O império euro-asiático: a China tem dinheiro, ambição e um plano

Por Vilma Gryzinski Atualizado em 4 jun 2024, 17h27 - Publicado em 8 dez 2017, 06h00

Fora dos discursos diplomáticos sem plateia e das aulas de geografia com público cativo para os exames vestibulares, a palavra geopolítica raramente é mencionada entre nós. Por isso, os grandes avanços geopolíticos da China costumam ser retratados no varejo, obscurecendo a visão no atacado. Os mais de 100 bilhões de reais investidos no Brasil nos últimos três anos para comprar — e vender — de tudo não podem ser dissociados do mesmo e gigantesco movimento na África, onde a influência chinesa é tão grande que já teve até um golpe made in China. O velho ditador Robert Mugabe foi substituído por uma versão um pouco mais nova, e dificilmente diferente, com algum tipo de aprovação da China. O Zimbábue é o que os bravos professores de geografia chamariam de Estado cliente, dependente em tudo dos bons amigos chineses, que têm a vantagem de não ficar amolando com essa história de democracia e direitos humanos. Resgatado da incúria terminal, em 2015 o país adotou o dólar como moeda depois de uma hiperinflação apocalíptica. E de onde vêm os dólares? Certamente não dos Estados Unidos. A China tem 3,1 trilhões de dólares em reservas internacionais, das quais jorram os investimentos no exterior.

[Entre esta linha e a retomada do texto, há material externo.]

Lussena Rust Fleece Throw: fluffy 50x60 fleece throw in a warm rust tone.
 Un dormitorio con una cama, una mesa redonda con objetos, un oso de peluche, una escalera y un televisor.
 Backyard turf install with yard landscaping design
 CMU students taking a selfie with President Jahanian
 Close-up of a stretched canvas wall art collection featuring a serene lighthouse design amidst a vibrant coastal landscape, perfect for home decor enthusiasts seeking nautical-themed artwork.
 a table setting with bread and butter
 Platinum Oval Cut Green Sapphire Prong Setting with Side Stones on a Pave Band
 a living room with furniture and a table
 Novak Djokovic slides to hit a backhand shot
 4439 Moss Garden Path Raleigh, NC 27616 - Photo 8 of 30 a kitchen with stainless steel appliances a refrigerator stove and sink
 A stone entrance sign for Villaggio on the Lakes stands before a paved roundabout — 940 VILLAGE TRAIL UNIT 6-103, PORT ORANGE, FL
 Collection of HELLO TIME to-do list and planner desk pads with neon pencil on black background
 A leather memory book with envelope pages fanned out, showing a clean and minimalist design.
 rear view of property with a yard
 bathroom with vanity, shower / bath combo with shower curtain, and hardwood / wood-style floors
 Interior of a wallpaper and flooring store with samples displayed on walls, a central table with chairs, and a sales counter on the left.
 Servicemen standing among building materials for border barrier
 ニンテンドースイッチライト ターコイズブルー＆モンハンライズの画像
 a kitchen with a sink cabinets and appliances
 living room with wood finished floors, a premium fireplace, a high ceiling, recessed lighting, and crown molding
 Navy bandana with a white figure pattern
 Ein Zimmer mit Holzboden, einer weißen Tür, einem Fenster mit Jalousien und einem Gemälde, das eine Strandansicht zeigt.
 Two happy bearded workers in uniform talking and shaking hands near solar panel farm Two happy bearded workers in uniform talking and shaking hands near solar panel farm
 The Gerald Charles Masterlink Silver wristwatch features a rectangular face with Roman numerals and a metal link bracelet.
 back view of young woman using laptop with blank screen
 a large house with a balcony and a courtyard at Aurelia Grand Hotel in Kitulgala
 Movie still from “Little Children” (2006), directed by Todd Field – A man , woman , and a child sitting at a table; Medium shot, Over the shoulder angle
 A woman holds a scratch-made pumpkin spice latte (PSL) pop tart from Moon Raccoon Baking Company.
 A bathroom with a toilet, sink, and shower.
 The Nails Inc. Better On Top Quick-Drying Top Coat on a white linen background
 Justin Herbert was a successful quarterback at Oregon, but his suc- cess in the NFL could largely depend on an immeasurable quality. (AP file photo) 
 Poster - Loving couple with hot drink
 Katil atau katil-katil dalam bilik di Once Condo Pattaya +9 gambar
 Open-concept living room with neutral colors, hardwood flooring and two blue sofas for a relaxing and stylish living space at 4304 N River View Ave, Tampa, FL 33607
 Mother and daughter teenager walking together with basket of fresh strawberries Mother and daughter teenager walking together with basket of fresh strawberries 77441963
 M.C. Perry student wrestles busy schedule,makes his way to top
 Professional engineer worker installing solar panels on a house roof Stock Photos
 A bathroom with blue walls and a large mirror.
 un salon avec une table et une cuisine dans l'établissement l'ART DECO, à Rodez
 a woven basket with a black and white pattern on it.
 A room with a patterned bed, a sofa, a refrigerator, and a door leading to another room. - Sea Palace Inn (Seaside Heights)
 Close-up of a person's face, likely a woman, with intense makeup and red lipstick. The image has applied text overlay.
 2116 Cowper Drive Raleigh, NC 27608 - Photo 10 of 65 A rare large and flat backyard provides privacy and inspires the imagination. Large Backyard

Transformar o multimilenar Império do Meio na maior potência do mundo custa caro e exige superar limitações enormes. A China é uma ilha dentro de seu próprio mapa, limitada por desertos, montanhas e um índice pluviométrico que espreme a agricultura e a população na metade leste do país. Não tem o acesso a dois oceanos como os Estados Unidos — nem o ainda incomparável poder naval americano, capaz de bloquear suas vias marítimas. A capacidade de controlar os mares, para o comércio ou a guerra, é um dos mandamentos da geopolítica chinesa. Uma data histórica ilustra a retração do grande império asiático: os 500 anos da destruição voluntária da grande frota chinesa comandada por Zheng He.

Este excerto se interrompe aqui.